● Description of the task
For the entries that follow, restate word for word the line containing "1989-1991 Chevrolet R3500", the line containing "chlmka_travelz", and every line that lies between them.

● Input data

---

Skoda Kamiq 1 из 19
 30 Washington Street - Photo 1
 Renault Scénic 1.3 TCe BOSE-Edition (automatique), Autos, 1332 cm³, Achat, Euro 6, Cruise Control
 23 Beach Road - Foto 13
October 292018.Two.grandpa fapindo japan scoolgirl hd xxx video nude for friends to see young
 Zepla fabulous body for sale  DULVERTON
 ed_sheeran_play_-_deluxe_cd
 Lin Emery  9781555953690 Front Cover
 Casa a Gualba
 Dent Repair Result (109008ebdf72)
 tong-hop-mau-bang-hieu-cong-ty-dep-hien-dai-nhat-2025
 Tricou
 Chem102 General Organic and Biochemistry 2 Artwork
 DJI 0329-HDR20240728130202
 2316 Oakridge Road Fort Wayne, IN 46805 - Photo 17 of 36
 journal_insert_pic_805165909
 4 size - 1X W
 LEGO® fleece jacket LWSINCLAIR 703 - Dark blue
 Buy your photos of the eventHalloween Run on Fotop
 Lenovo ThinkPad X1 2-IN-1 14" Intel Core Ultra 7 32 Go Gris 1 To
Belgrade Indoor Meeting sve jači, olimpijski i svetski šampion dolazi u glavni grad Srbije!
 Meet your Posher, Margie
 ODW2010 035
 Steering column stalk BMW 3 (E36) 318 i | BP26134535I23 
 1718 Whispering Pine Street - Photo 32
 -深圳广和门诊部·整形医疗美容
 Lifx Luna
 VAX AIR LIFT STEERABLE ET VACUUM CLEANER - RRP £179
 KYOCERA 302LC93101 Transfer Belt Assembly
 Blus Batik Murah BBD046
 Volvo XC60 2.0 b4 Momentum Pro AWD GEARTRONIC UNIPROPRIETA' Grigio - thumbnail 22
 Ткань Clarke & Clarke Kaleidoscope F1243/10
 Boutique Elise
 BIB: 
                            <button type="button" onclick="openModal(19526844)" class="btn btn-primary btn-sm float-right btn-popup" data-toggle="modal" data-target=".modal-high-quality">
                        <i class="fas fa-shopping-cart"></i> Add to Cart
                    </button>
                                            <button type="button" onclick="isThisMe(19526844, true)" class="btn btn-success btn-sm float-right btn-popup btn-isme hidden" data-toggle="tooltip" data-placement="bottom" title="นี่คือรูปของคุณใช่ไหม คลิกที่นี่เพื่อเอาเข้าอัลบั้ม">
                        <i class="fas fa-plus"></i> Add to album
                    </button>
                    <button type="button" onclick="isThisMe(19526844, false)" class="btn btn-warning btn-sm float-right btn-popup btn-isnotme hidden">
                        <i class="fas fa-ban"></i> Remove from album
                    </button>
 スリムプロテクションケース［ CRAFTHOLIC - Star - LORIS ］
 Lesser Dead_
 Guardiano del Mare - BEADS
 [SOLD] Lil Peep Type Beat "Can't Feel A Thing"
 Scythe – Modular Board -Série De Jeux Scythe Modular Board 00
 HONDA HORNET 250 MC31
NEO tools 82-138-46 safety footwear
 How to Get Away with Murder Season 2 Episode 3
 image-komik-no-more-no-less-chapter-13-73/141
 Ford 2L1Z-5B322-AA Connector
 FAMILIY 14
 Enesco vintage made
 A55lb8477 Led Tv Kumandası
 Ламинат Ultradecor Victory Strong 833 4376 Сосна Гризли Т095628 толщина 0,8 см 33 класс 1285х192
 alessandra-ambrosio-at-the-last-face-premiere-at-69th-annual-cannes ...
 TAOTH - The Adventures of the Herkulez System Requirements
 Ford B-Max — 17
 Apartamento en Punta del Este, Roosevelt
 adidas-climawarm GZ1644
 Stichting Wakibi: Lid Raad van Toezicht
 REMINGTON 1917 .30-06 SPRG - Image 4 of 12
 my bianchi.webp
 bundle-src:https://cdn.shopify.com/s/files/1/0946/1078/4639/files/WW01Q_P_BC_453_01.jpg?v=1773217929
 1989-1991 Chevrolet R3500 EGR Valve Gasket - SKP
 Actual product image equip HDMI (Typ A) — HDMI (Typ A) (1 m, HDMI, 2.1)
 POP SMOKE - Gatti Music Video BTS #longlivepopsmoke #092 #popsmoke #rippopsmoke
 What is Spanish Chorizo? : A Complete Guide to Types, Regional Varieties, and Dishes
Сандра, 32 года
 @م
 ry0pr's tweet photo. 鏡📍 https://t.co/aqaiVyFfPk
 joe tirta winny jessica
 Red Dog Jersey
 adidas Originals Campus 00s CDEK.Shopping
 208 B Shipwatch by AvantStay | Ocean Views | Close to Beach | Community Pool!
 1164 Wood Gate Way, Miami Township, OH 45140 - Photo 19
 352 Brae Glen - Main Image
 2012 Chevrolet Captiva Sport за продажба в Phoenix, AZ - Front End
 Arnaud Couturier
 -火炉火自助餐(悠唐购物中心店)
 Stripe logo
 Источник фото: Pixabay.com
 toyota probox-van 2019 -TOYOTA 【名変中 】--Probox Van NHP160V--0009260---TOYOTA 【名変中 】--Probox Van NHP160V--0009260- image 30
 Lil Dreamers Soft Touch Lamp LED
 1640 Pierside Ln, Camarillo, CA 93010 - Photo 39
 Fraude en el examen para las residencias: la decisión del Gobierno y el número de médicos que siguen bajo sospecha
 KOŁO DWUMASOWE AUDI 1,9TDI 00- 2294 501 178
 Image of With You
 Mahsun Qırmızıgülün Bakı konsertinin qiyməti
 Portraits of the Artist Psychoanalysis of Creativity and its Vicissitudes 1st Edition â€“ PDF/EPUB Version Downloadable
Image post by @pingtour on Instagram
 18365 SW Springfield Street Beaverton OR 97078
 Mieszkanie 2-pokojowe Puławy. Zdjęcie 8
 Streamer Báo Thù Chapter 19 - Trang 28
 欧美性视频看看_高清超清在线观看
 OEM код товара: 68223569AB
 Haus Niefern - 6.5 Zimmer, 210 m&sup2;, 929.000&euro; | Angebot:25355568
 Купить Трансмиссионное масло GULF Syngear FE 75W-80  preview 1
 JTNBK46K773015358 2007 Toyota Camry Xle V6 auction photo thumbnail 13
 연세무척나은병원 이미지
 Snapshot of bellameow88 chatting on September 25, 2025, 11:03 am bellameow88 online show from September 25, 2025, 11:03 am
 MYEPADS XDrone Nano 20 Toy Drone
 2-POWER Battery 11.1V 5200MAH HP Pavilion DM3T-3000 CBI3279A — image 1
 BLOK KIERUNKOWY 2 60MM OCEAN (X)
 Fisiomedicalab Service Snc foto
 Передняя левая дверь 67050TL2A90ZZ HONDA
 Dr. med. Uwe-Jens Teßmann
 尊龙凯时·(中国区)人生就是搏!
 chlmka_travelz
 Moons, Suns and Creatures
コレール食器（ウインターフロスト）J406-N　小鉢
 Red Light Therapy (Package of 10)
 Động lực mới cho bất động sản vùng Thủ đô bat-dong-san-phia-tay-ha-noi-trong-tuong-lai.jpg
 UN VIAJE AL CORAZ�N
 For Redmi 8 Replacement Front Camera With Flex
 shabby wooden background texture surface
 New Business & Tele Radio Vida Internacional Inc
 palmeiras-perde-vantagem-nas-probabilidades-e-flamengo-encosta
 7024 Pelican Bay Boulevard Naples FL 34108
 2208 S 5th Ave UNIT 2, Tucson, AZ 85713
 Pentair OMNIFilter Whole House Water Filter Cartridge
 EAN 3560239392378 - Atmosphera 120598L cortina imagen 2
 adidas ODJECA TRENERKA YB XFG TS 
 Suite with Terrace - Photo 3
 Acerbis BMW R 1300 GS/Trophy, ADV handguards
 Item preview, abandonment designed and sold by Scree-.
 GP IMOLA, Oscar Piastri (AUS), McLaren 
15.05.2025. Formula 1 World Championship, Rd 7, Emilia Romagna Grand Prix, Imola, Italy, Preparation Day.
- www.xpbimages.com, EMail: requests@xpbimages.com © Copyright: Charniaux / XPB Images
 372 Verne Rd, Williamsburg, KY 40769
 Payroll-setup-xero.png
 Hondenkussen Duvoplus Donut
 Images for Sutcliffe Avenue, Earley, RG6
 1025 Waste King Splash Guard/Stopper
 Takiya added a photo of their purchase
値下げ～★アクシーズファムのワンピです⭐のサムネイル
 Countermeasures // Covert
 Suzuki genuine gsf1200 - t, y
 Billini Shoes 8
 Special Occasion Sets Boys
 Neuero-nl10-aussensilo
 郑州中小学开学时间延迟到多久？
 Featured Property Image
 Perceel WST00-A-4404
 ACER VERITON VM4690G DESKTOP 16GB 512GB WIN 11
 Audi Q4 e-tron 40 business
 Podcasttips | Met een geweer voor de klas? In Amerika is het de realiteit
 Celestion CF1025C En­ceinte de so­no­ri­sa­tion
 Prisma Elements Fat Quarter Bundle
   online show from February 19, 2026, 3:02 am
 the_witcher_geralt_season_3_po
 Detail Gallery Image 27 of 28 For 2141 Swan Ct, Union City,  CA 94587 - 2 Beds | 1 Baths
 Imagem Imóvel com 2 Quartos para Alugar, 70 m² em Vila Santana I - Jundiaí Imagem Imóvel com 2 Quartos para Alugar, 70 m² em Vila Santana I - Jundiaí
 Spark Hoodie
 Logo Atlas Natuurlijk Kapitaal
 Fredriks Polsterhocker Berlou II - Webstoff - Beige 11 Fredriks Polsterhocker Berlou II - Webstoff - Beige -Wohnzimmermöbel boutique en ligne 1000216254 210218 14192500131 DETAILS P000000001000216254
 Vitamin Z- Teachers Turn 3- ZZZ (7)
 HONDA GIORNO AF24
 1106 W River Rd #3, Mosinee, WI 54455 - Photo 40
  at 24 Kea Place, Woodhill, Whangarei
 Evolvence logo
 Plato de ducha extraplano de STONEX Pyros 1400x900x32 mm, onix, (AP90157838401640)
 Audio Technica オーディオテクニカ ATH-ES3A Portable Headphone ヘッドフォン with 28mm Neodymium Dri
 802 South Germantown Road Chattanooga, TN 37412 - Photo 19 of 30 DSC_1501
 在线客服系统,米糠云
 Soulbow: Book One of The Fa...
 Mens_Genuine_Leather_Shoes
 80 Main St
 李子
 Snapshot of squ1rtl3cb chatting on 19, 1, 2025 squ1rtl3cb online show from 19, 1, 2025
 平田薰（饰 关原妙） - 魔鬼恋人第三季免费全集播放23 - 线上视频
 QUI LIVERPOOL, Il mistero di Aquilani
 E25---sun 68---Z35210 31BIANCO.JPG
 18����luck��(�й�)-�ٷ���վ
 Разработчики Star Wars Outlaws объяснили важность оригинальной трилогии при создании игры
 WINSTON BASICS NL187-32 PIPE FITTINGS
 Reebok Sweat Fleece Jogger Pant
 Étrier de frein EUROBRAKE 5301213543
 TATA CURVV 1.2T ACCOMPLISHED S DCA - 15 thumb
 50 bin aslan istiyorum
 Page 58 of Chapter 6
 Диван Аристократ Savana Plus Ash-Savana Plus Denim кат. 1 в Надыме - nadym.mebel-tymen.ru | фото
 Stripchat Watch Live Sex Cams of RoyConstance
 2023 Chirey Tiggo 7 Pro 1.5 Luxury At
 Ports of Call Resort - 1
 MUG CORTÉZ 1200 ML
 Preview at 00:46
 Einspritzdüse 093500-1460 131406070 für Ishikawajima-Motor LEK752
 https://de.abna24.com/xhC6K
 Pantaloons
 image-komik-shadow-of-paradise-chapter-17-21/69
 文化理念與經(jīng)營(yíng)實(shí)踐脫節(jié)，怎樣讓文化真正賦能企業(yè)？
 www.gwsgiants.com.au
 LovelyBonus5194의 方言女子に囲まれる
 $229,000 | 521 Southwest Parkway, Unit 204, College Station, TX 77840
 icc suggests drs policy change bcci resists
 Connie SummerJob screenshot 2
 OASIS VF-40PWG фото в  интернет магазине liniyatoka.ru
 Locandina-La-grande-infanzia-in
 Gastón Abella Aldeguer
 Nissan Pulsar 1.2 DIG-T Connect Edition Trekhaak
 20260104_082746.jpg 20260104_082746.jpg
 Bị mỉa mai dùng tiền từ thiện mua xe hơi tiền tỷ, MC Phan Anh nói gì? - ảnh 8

---

● Task response
 1989-1991 Chevrolet R3500 EGR Valve Gasket - SKP
 Actual product image equip HDMI (Typ A) — HDMI (Typ A) (1 m, HDMI, 2.1)
 POP SMOKE - Gatti Music Video BTS #longlivepopsmoke #092 #popsmoke #rippopsmoke
 What is Spanish Chorizo? : A Complete Guide to Types, Regional Varieties, and Dishes
Сандра, 32 года
 @م
 ry0pr's tweet photo. 鏡📍 https://t.co/aqaiVyFfPk
 joe tirta winny jessica
 Red Dog Jersey
 adidas Originals Campus 00s CDEK.Shopping
 208 B Shipwatch by AvantStay | Ocean Views | Close to Beach | Community Pool!
 1164 Wood Gate Way, Miami Township, OH 45140 - Photo 19
 352 Brae Glen - Main Image
 2012 Chevrolet Captiva Sport за продажба в Phoenix, AZ - Front End
 Arnaud Couturier
 -火炉火自助餐(悠唐购物中心店)
 Stripe logo
 Источник фото: Pixabay.com
 toyota probox-van 2019 -TOYOTA 【名変中 】--Probox Van NHP160V--0009260---TOYOTA 【名変中 】--Probox Van NHP160V--0009260- image 30
 Lil Dreamers Soft Touch Lamp LED
 1640 Pierside Ln, Camarillo, CA 93010 - Photo 39
 Fraude en el examen para las residencias: la decisión del Gobierno y el número de médicos que siguen bajo sospecha
 KOŁO DWUMASOWE AUDI 1,9TDI 00- 2294 501 178
 Image of With You
 Mahsun Qırmızıgülün Bakı konsertinin qiyməti
 Portraits of the Artist Psychoanalysis of Creativity and its Vicissitudes 1st Edition â€“ PDF/EPUB Version Downloadable
Image post by @pingtour on Instagram
 18365 SW Springfield Street Beaverton OR 97078
 Mieszkanie 2-pokojowe Puławy. Zdjęcie 8
 Streamer Báo Thù Chapter 19 - Trang 28
 欧美性视频看看_高清超清在线观看
 OEM код товара: 68223569AB
 Haus Niefern - 6.5 Zimmer, 210 m&sup2;, 929.000&euro; | Angebot:25355568
 Купить Трансмиссионное масло GULF Syngear FE 75W-80  preview 1
 JTNBK46K773015358 2007 Toyota Camry Xle V6 auction photo thumbnail 13
 연세무척나은병원 이미지
 Snapshot of bellameow88 chatting on September 25, 2025, 11:03 am bellameow88 online show from September 25, 2025, 11:03 am
 MYEPADS XDrone Nano 20 Toy Drone
 2-POWER Battery 11.1V 5200MAH HP Pavilion DM3T-3000 CBI3279A — image 1
 BLOK KIERUNKOWY 2 60MM OCEAN (X)
 Fisiomedicalab Service Snc foto
 Передняя левая дверь 67050TL2A90ZZ HONDA
 Dr. med. Uwe-Jens Teßmann
 尊龙凯时·(中国区)人生就是搏!
 chlmka_travelz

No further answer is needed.